→ PROBLEM DETAILS
Using the records below, write out again exactly the lines that begin at the line containing "Owner S-75M Single" and end at the line containing "2014 NISSAN FRONTIER SV - 1N6AD0EV5EN753690", and no other lines.

→ SUPPLIED DATA
>>

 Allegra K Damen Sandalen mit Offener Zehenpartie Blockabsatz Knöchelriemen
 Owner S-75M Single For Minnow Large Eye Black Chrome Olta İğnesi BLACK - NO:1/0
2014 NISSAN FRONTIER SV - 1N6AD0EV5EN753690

<<
>>

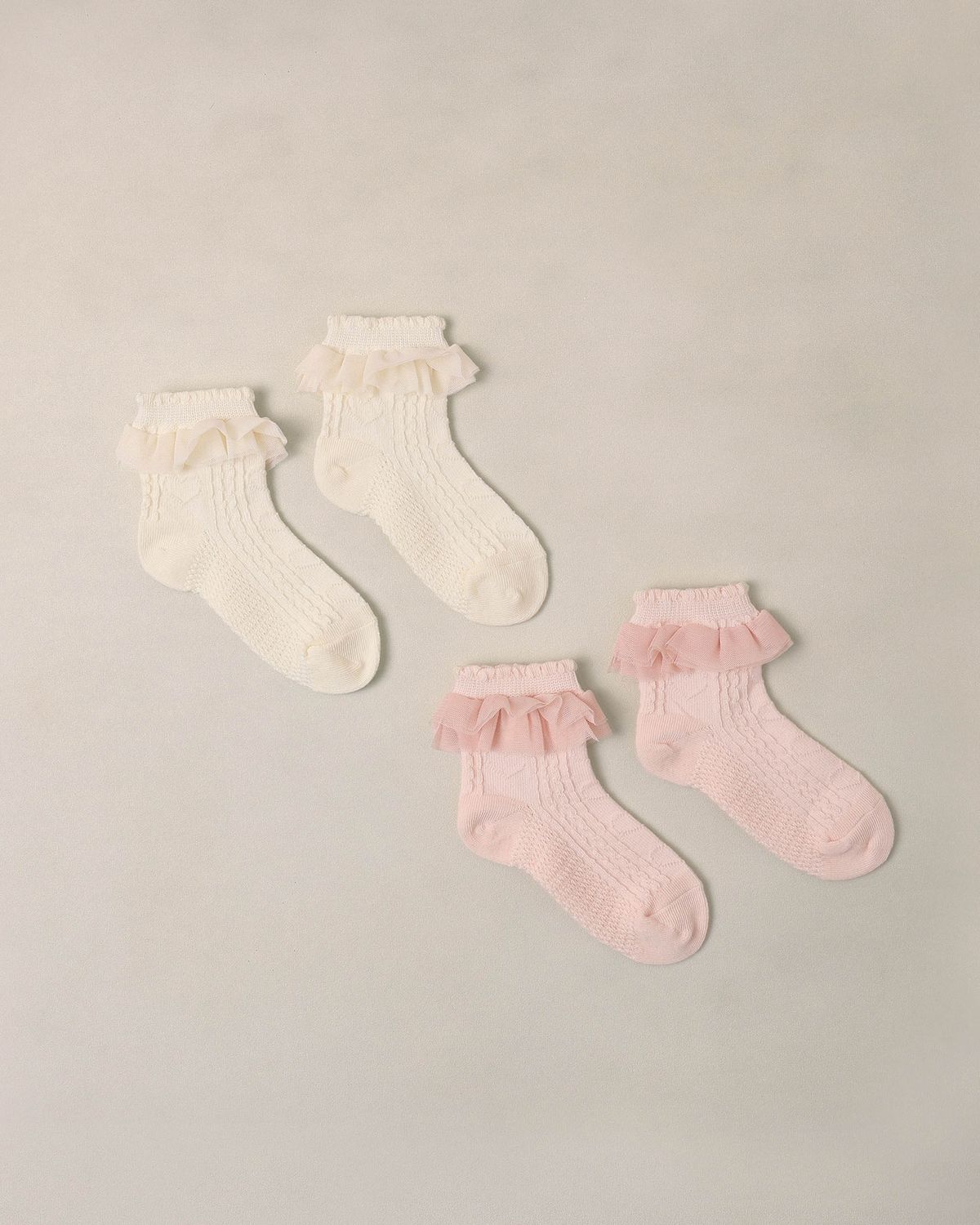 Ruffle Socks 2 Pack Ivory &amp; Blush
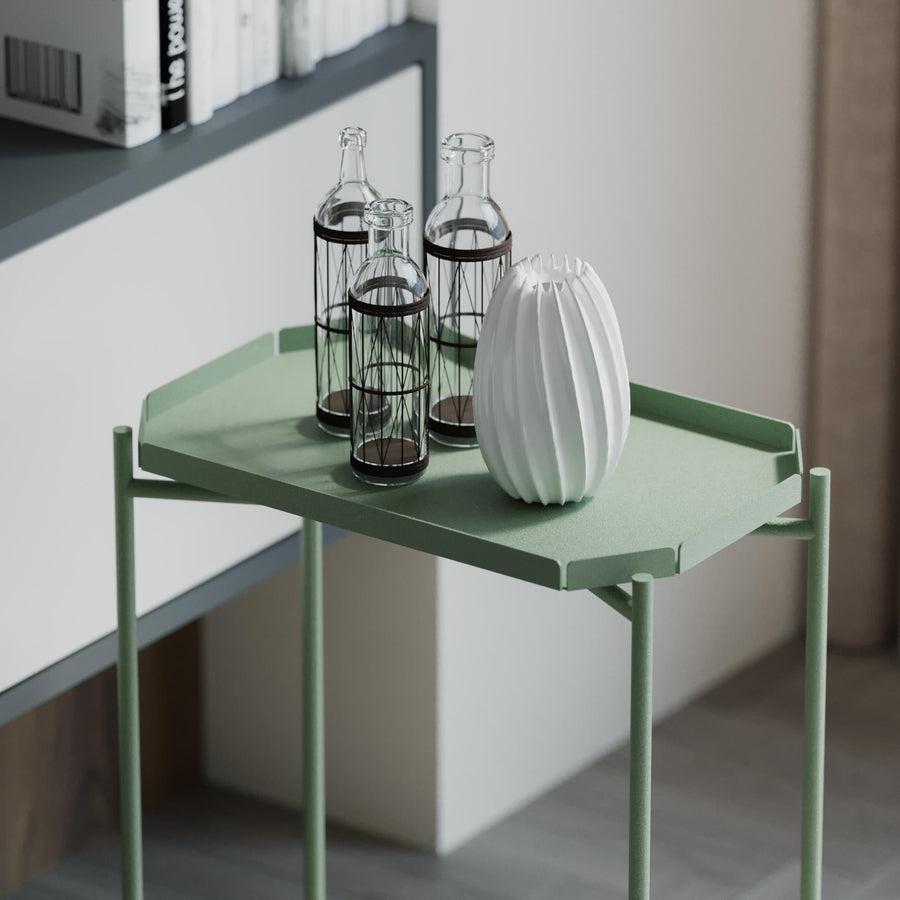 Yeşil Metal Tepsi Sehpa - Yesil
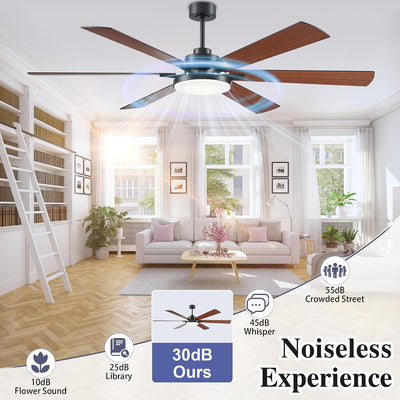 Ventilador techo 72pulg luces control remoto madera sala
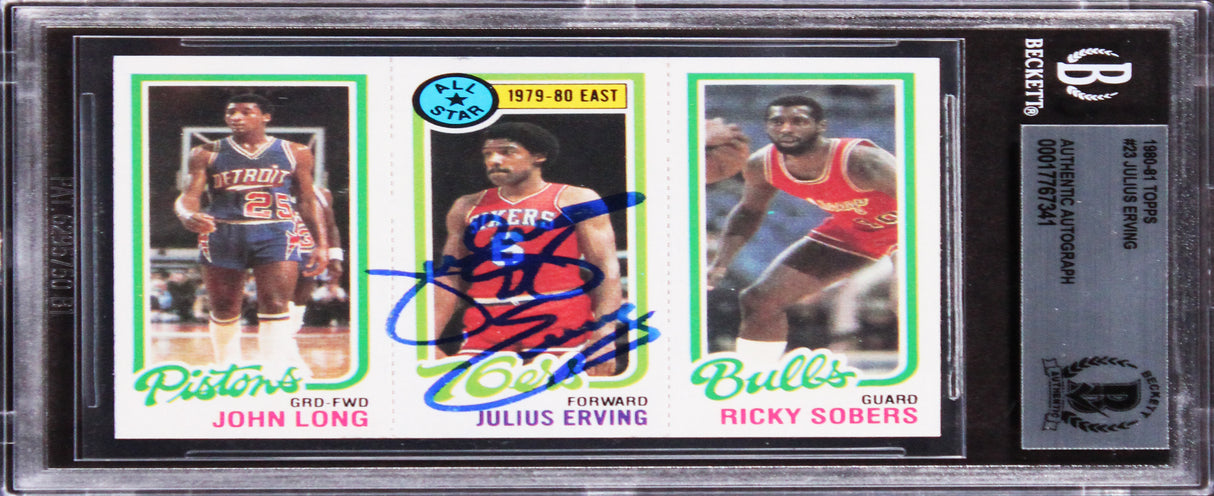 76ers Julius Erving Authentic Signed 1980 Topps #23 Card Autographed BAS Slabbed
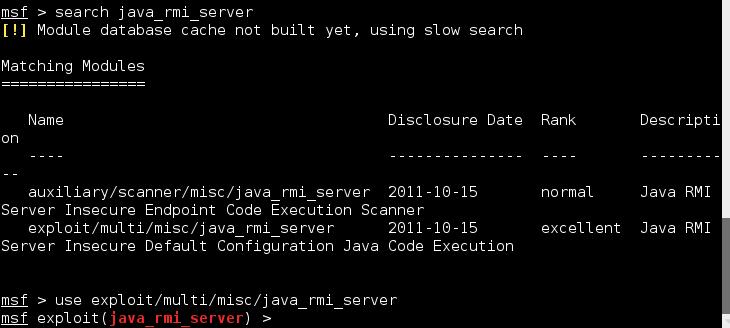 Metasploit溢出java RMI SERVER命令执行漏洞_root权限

<<
>>

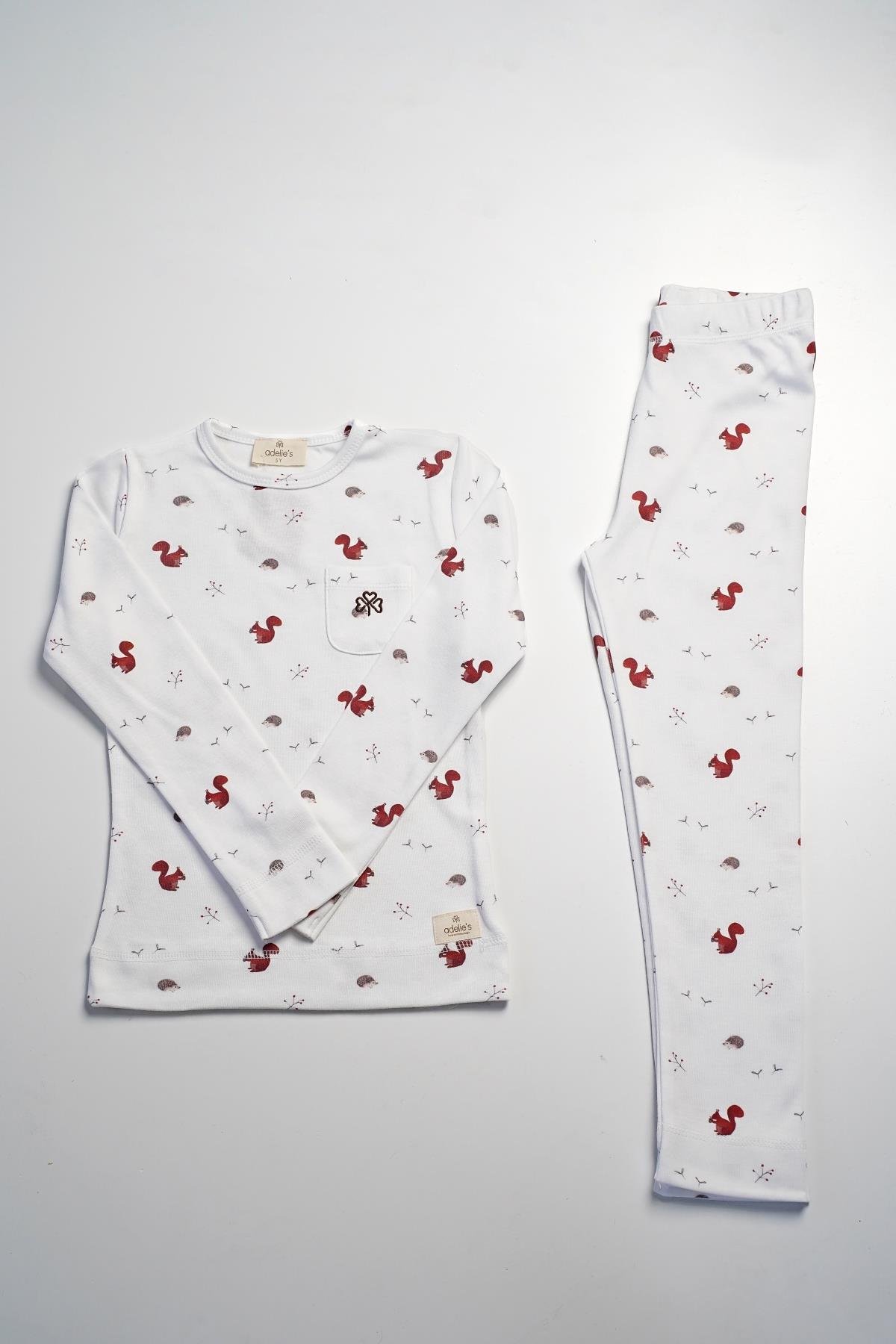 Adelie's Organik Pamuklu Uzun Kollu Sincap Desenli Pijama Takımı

<<

→ FINISHED EXERCISE
 Owner S-75M Single For Minnow Large Eye Black Chrome Olta İğnesi BLACK - NO:1/0
2014 NISSAN FRONTIER SV - 1N6AD0EV5EN753690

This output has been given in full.